YOUR ASSIGNMENT –
Keeping pictures out, repeat the lines of the listing below exactly, starting at its first line and finishing with the one that holds "Victoria’s Secret Velvet".

DATA SHOWN –

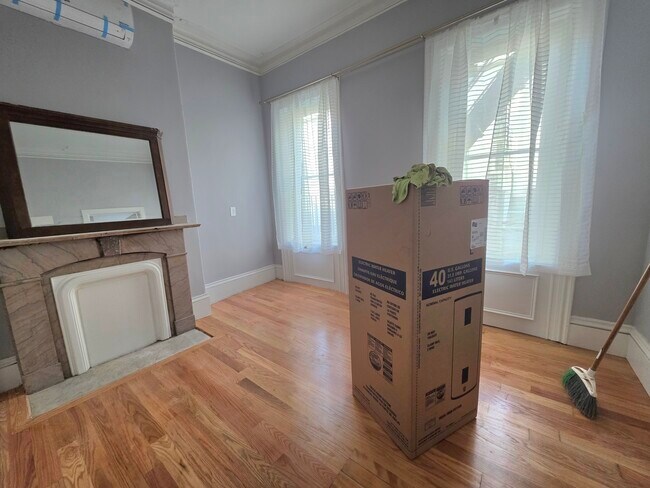 Foto del edificio - 98 Mount Pleasant Ave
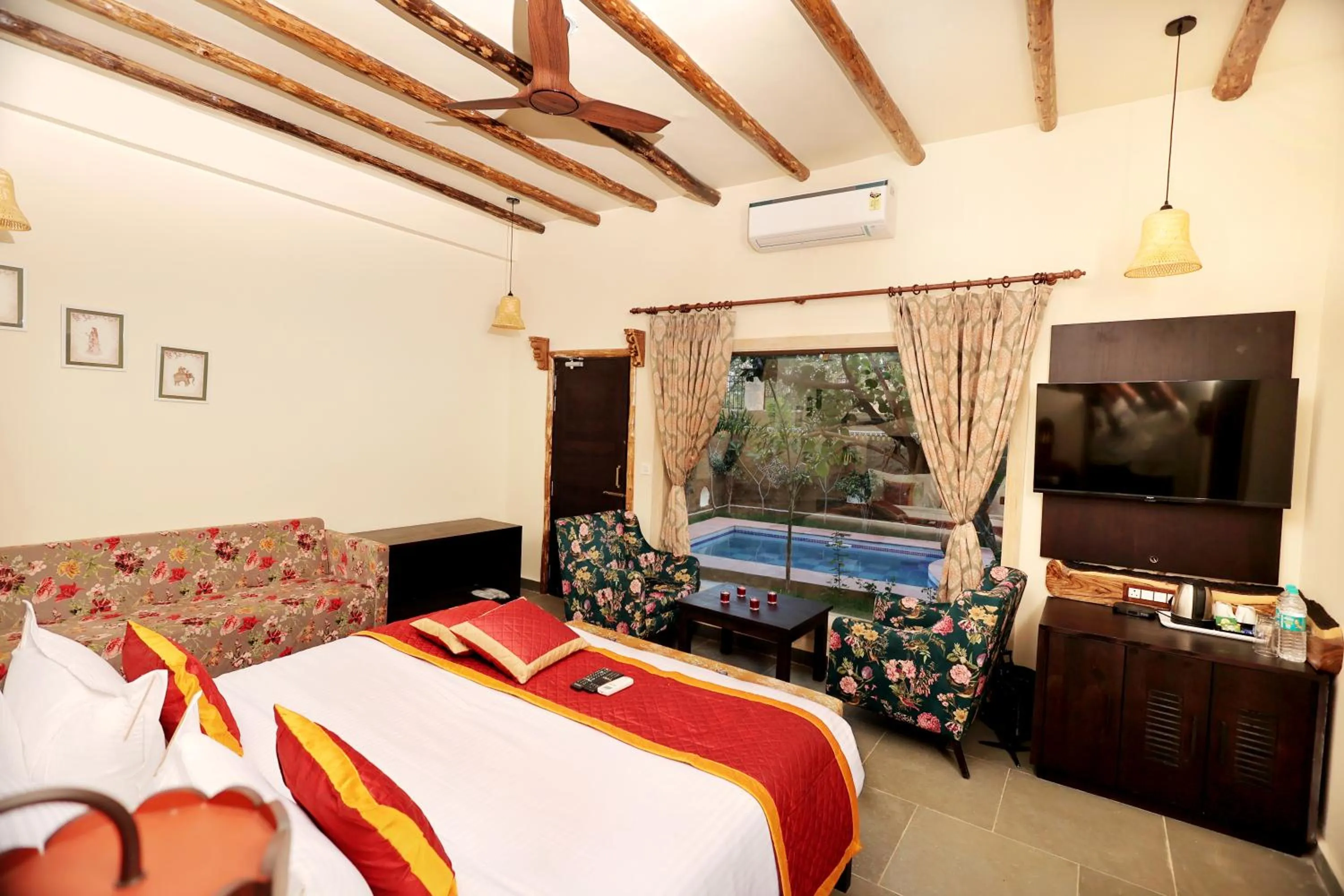 Bedroom, Bed in Nature Village Resort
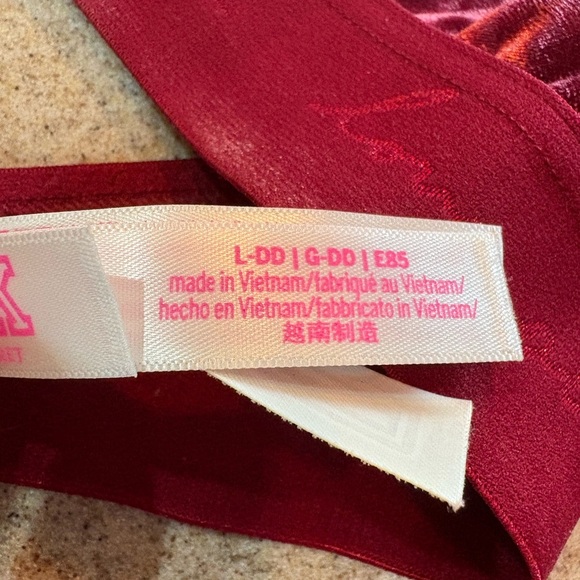 Victoria’s Secret Velvet Strappy Bralette in Burgundy Bra DD Large Maroon - Picture 2 of 2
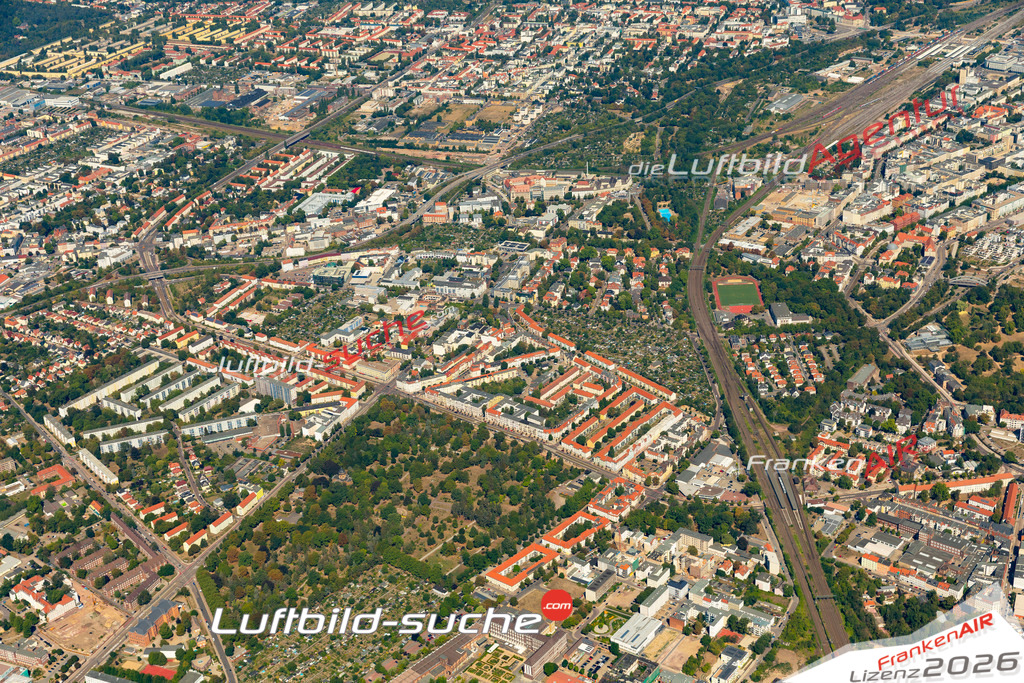 Das Luftbild der Stadt Magdeburg wurde 2022 vom Flugzeug heraus erstellt (keine Drohnen-Aufnahmen) Aufnahmehöhe ca.450 Meter- hohe Bildauflösung und Druck-Qualität. Garantiert!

EXERCISE SOLUTION –
 Foto del edificio - 98 Mount Pleasant Ave
 Bedroom, Bed in Nature Village Resort
 Victoria’s Secret Velvet Strappy Bralette in Burgundy Bra DD Large Maroon - Picture 2 of 2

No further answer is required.